Hypoxia is a general term for low PO2 levels, whereas hypoxemia refers specifically to low PaO2 (specifically, PaO2 < 85 mmHg)
What are the three general causes of hypoxemia that do NOT affect A-a DO2?
- Hypoventilation from CNS depression, myasthenia gravis, etc.
- Reduced PIO2 (partial pressure of inspired oxygen) - high altitude, etc. Note that the fraction of oxygen is not changed because at higher altitudes the partial pressures of all atmospheric gases are reduced.
- Reduced FIO2 - such as in being caught in a fire; fire burns up all the oxygen.
What are the three general causes of hypoxemia that DO affect A-a DO2?
- Right to left shunts.
- Diffusion abnormalities in alveoli.
- V/Q mismatch (major cause)
Define hypercapnia.
PaCO2 > 45 mmHg
What are four general causes of hypercapnia?
- Decreased alveolar ventilation.
- Increased dead space.
- Increased CO2 production by the body in the setting of fixed ventilation.
- Severe V/Q mismatch - too much blood going to poorly ventilated alveoli.
What is the ideal V/Q value? What is normally seen in health?
Ideal is 1.0. Normally, V/Q = 0.84. It should be between 0.8 and 1.0
When V/Q approaches 0, what does the composition of the gas in the alveoli start to resemble?
The gas in the alveoli in the setting of increased flow and decreased perfusion will resemble the composition of venous blood (PAO2 of 40 mmHg and PACO2 of 46 mmHg)
When V/Q approaches infinity, what does the composition of the gas in the alveoli start to resemble?
The composition will resemble atmospheric air (PAO2 of 150 mmHg and PACO2 of nearly 0 mmHg)
Compare the effect of gravity on alveoli at the apex of the lungs vs the base of the lungs.
The weight of the lungs pulls on the apex, generating a higher negative pressure near the apex, pulling the alveoli open. At the base, the opposite occurs. Therefore, the alveoli at the base of the lungs are able to expand more than those at the apex during inspiration. There is also more blood flow at the base of the lungs (low pressure system).

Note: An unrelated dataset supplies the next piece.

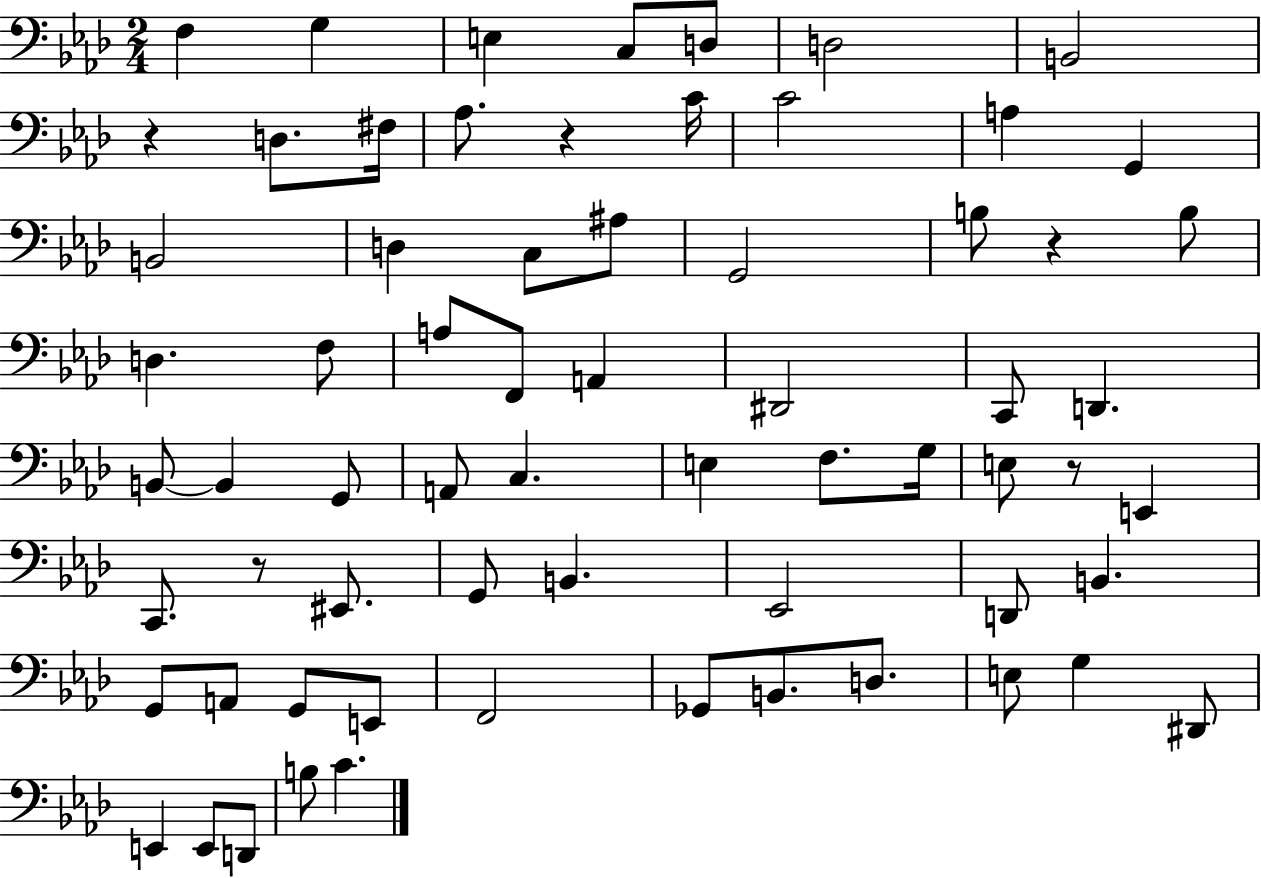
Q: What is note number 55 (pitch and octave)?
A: E3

Describe the consequences of a high V/Q.
Blocked pulmonary blood is shunted to unblocked vessels, increasing flow through other capillaries. The increased flow adds more CO2 and takes out more O2 of the alveoli. The lung compensates via hypocapnic constriction of the lung leading to the blocked alveoli, shunting air to other alveoli to try to correct the gas exchange in the remaining perfused alveoli.
Describe the compensatory mechanism that occurs in the setting of low V/Q.

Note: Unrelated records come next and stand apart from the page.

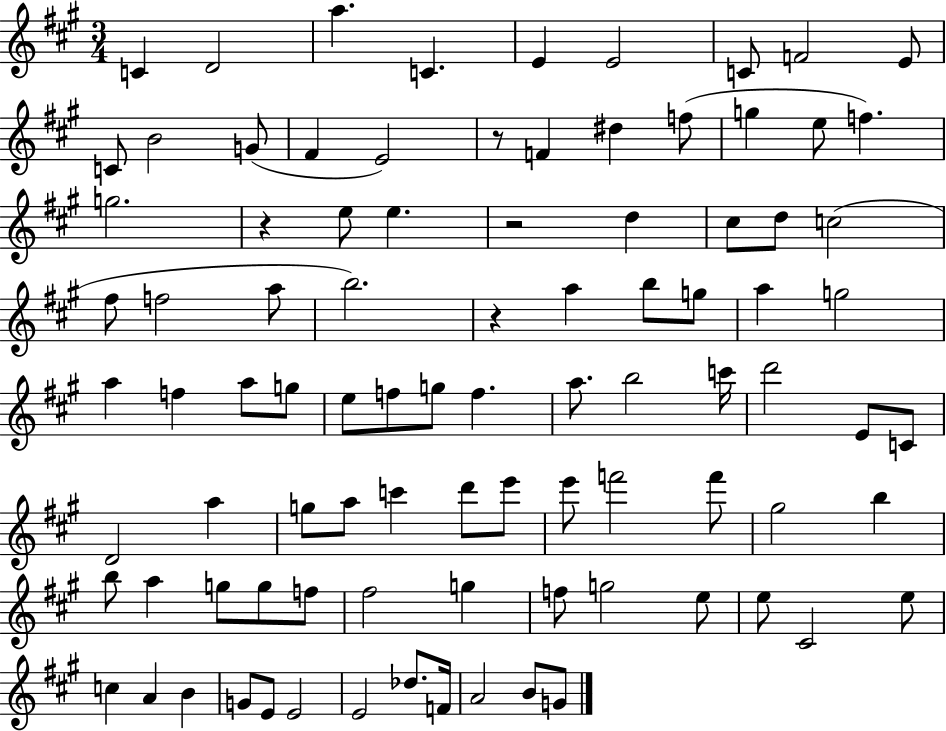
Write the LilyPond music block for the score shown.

{
  \clef treble
  \numericTimeSignature
  \time 3/4
  \key a \major
  c'4 d'2 | a''4. c'4. | e'4 e'2 | c'8 f'2 e'8 | \break c'8 b'2 g'8( | fis'4 e'2) | r8 f'4 dis''4 f''8( | g''4 e''8 f''4.) | \break g''2. | r4 e''8 e''4. | r2 d''4 | cis''8 d''8 c''2( | \break fis''8 f''2 a''8 | b''2.) | r4 a''4 b''8 g''8 | a''4 g''2 | \break a''4 f''4 a''8 g''8 | e''8 f''8 g''8 f''4. | a''8. b''2 c'''16 | d'''2 e'8 c'8 | \break d'2 a''4 | g''8 a''8 c'''4 d'''8 e'''8 | e'''8 f'''2 f'''8 | gis''2 b''4 | \break b''8 a''4 g''8 g''8 f''8 | fis''2 g''4 | f''8 g''2 e''8 | e''8 cis'2 e''8 | \break c''4 a'4 b'4 | g'8 e'8 e'2 | e'2 des''8. f'16 | a'2 b'8 g'8 | \break \bar "|."
}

After PAO2 in the alveoli falls due to airway blockage, pulmonary vessels will undergo hypoxic vasoconstriction to re-route blood to unblocked alveoli.
What is it called when an airway is completely blocked?
A shunt.
How is a shunt diagnosed? Explain how this works.
The patient is given 100% O2 to breathe. If there is a complete shunt, little to no increase will be seen in O2 content of arterial blood because the working alveoli will already have been saturating Hb. If the shunt is incomplete, blood flowing through the affected alveoli will benefit greatly, Hb will bind O2, and a significant increase in arterial O2 content will be seen.
Will a high V/Q in one part of the lung compensate for a low V/Q in another? Explain why or why not.
It will not compensate because lung units with a high V/Q ratio add little oxygen to the blood compared to the decreased oxygen added in alveoli with low V/Q.